Back in anxiety and depression,
like they are waiting there
always in the wings
for a moment
that I might just gain some footing
at which point
they stick out their legs
just as I walk by
DOWN I go
tripping, falling, stumbling,
They tell me to remember my place.
They won’t let me ever forget.
How do you escape a prison with no walls?
How do you gain freedom
from the inner persecutor?
I would tear them out if I could,
but I can’t find where they live.
How do I find resolve to keep going
when it feels like agony just to breathe?
Alone, in the dark.
What’s the point of going on?
Swallowed up by grief.
Was there ever any up?
Was there ever any connection?
was there every any loyalty?
Was there ever any life?
Caught in a story.
I tried for a year to believe.
A year came and went
and I’m still struggling.
How do I keep believing
in a chance for better days?
I always want to find resolve
with my words.
I always want to end these poems
on some kind of inspiring note,
some kind of opening into greater things.

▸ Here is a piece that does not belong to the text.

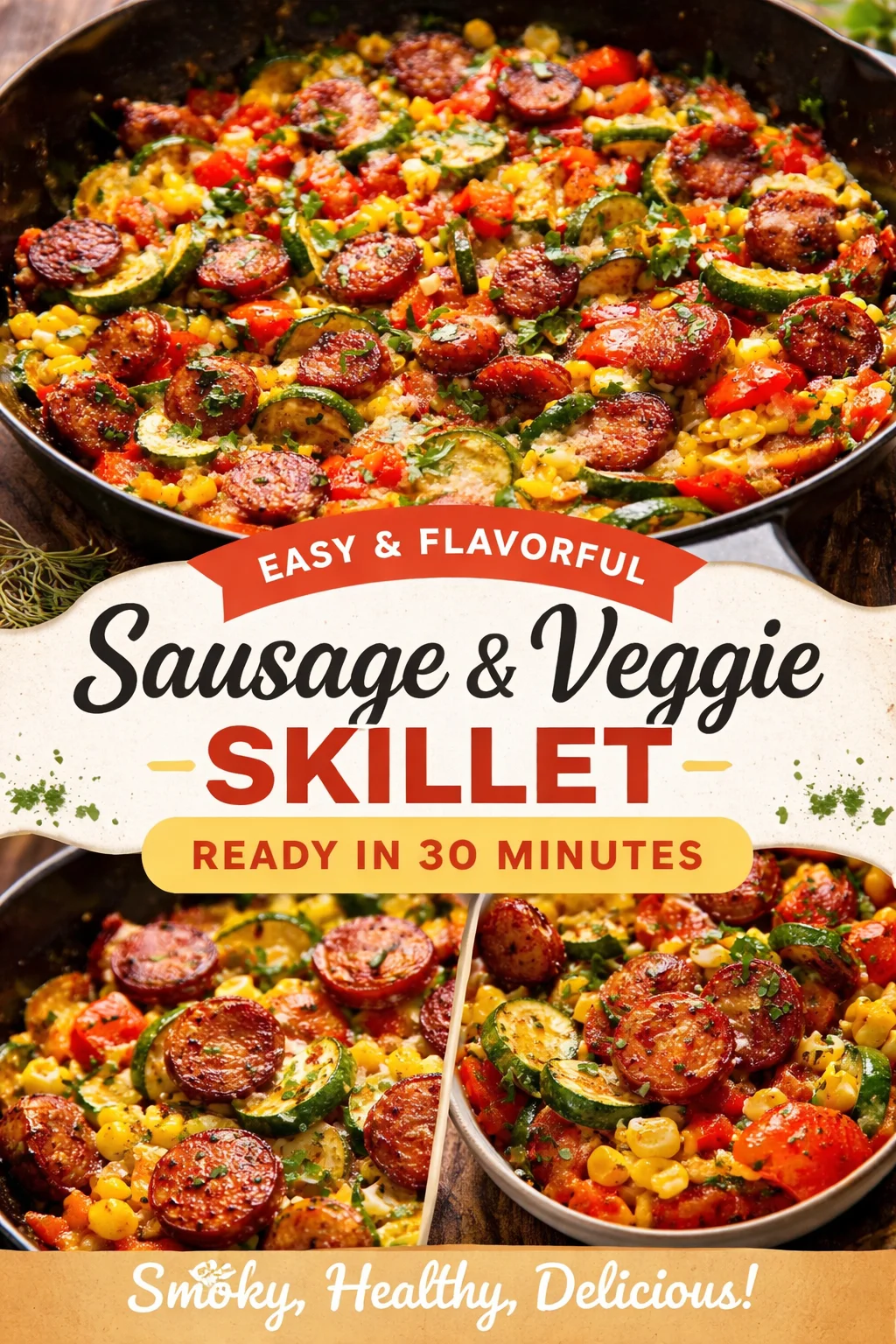 Quick and Flavorful Sausage Veggie Skillet Bowl Recipe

Tonight, I don’t have it in me.
Tonight, the sadness wins.
I need to be patient with this process.
I was in the victim story
for a lot longer than the story
of my empowerment.
I believed he shouldn’t have left me
for a lot longer than I realized he should.

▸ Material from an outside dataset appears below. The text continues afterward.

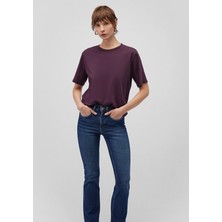 Mavi Bisiklet Yaka Mor Basic Tişört 1600955-70635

My pain is older than the loss of this marriage,
my abandonment, my grief, my heartache
much older than that moment
one year and one month ago
when he dropped the bomb
on the life I thought I knew.
And he is gone.
He has been gone for a while,
and he won’t be coming back.
And so now it is my task
to turn toward myself
and sit with the aching little girl
who clamors for my attention.
She cries out in anger and despair
because I haven’t been there for her,
so taken was I
with the telling of my sad, sad story.
I need to be patient with this process.
Taking ownership of one’s pain
is something that many people
will never realize they can do
let alone go ahead and do
once they realize they can.
I am making this choice.
I feel alone in it.
But that’s just because
no one I know personally
has made such a choice before.
there are beloveds out there,
kindreds, who just like me
want to evolve until the day they die,
sweethearts who want to own their pain
so that they have the space,
and the presence
to own their joy.
I’m too depressed to sit at my computer,
so here I am on my phone.
I’m tired, lonely, feeling sick,
questioning my will to live.
It is a dark time.
I go through a mental list of people I know
wondering who might be able to talk,
and then I write everyone off:
They haven’t been there
I told them what I was going through
and they distanced themselves.
They wouldn’t want to hear
about my life anyway.
So I feel utterly isolated
in the cold, dark and lonely
wishing I could die.
My children are playing
in the other room.
The truth is
I hate myself and my life right now
and it feels like it will always be this way.
I’m standing on a ledge in my mind,
about to jump.
Falling further than I thought possible.
crying over any little thing.
Then the numbness,
a state of motionless,
Could this experience
be carving into me
a more profound understanding
of the suffering of the world?
Please let there be some reason for this.